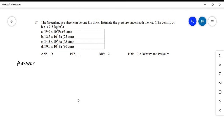Question 17: the question mentions the Greenland ice sheet but does not say it's a cube. However, if you consider it as a cube you can solve the problem — if you don't, you will not be able to solve it. So I will consider the Greenland ice sheet as a cube. The question asks us to find the pressure, and pressure equals force over area.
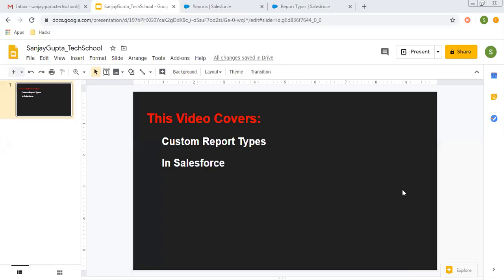Hello friends, I am Sanjay Gupta. I welcome you to Sanjay Gupta Tech School. In this video I am going to demonstrate how you can create custom report types in Salesforce so that you can use that custom report type while creating reports.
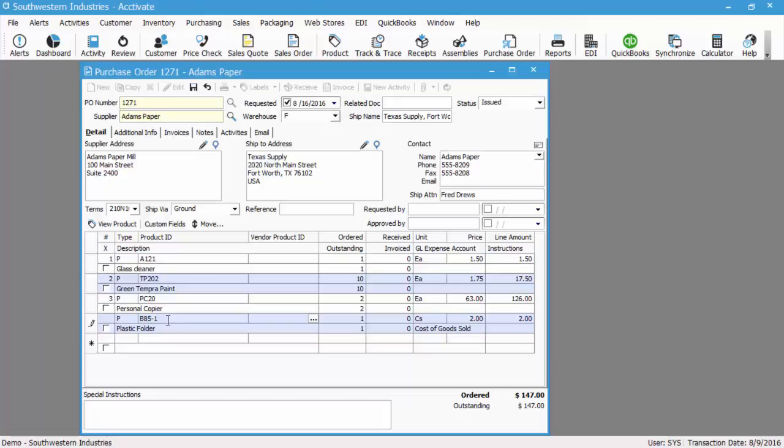That changes the requirements on the receipt portion of the purchasing process. You can also override any special instructions at the bottom of the PO. This will print on the purchase order whenever you print or email it.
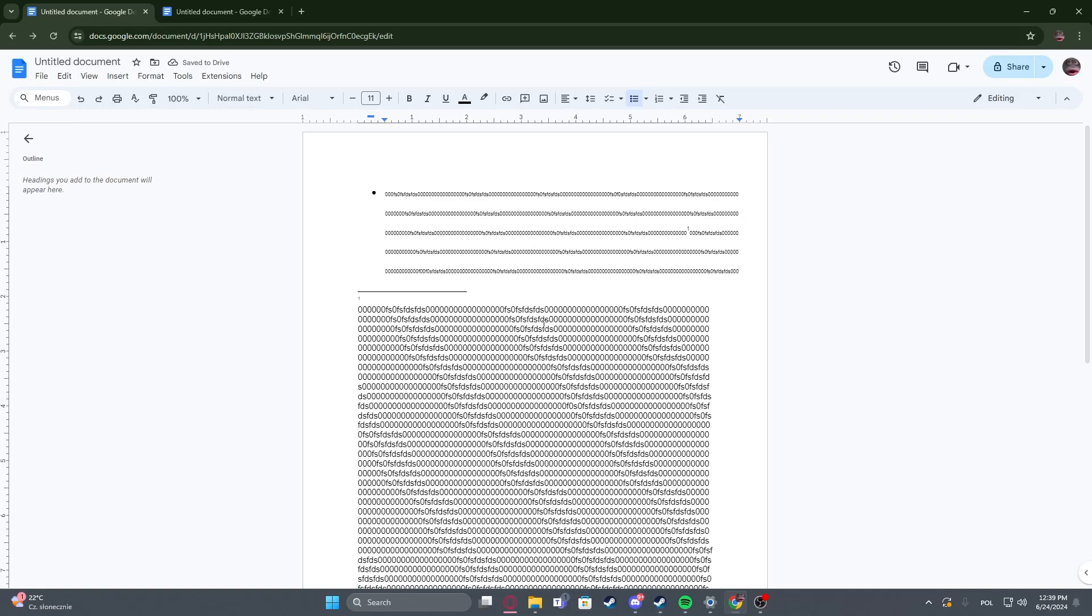Hello! In this video I want to show you how to search for words or sentences in Google Docs.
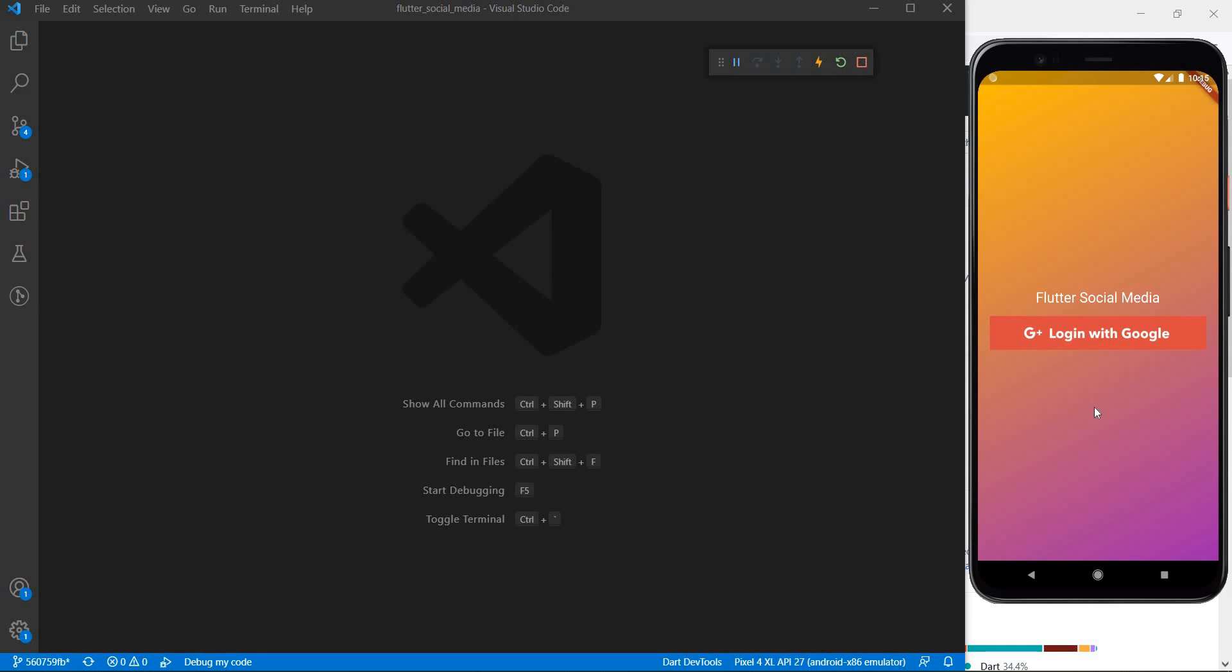Hello everyone and welcome back to the channel. In today's Flutter plus Firebase tutorial, we are going to see how to create a login with Google screen in our Flutter application.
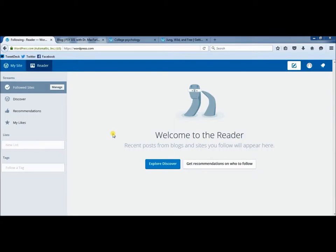If you look at the reader screen here, WordPress will give you some suggestions about who you might want to follow or let you explore around, but we want to make sure we're following our specific classmates.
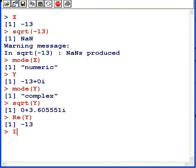There's a complementary function, Im, capital I small m, that extracts the imaginary part of y. And this case is just 0.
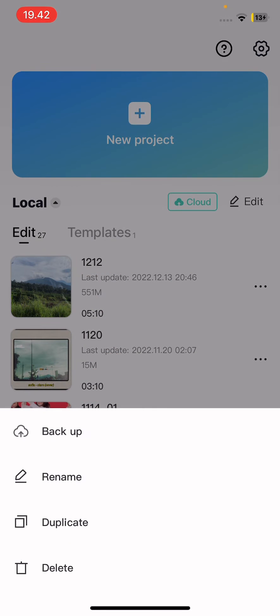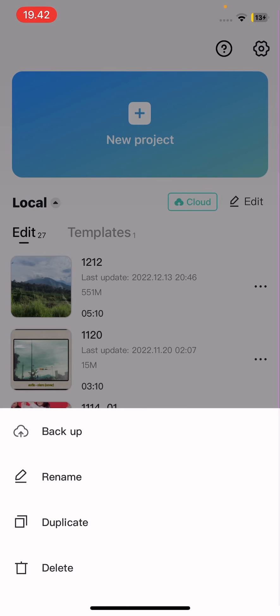You can also select the three dots to back up the project, rename it or duplicate it. But that's it.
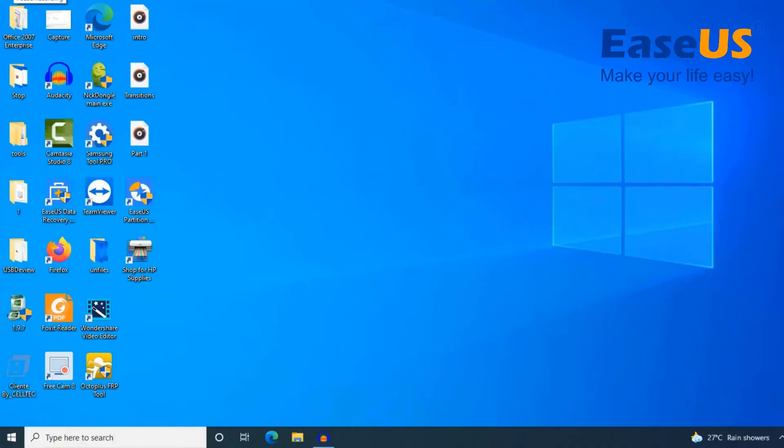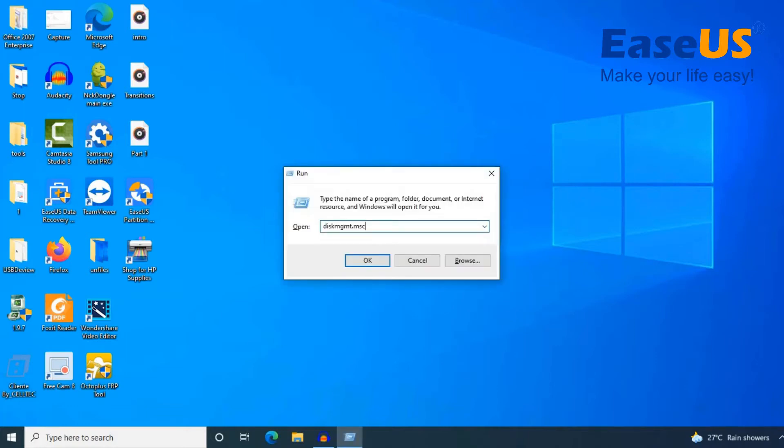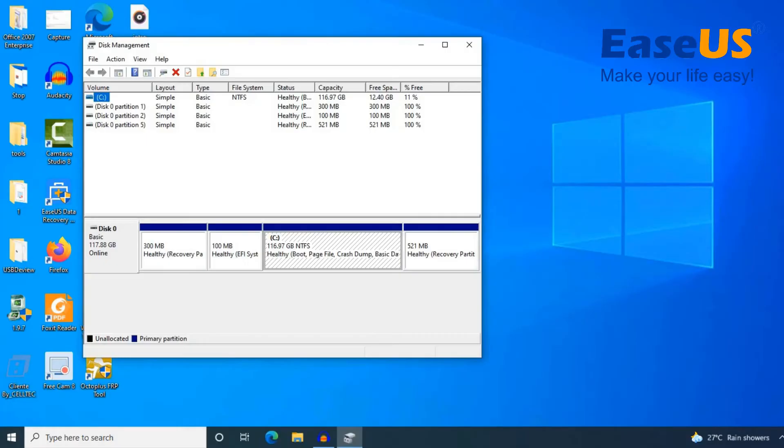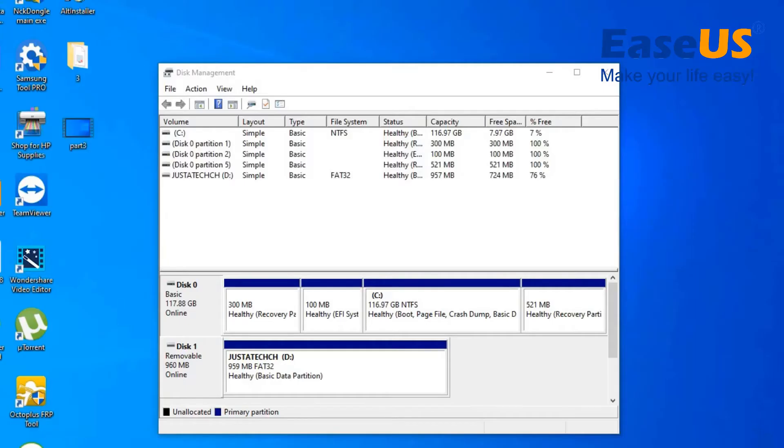I am going to show you how to check the system partition type. Remember, your OS drive must be GPT. What you want to do is hold the Windows key and R. You want to type diskmgmt.msc and hit OK. This will open the disk management. You can also search for this in the search bar.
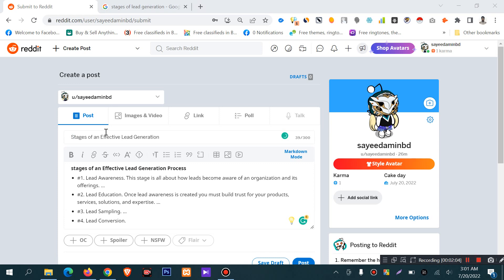The name of the post title — for example: 'The Stages of an Effective Lead Generation Process'.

________________

Please copy the lines above, starting at the one that holds "There's a complementary" and stopping after the last line, exactly as they appear and minus the pictures.

• **SOLVED PROBLEM**
There's a complementary function, Im, capital I small m, that extracts the imaginary part of y. And this case is just 0.
You can also select the three dots to back up the project, rename it or duplicate it. But that's it.
I am going to show you how to check the system partition type. Remember, your OS drive must be GPT. What you want to do is hold the Windows key and R. You want to type diskmgmt.msc and hit OK. This will open the disk management. You can also search for this in the search bar.
The name of the post title — for example: 'The Stages of an Effective Lead Generation Process'.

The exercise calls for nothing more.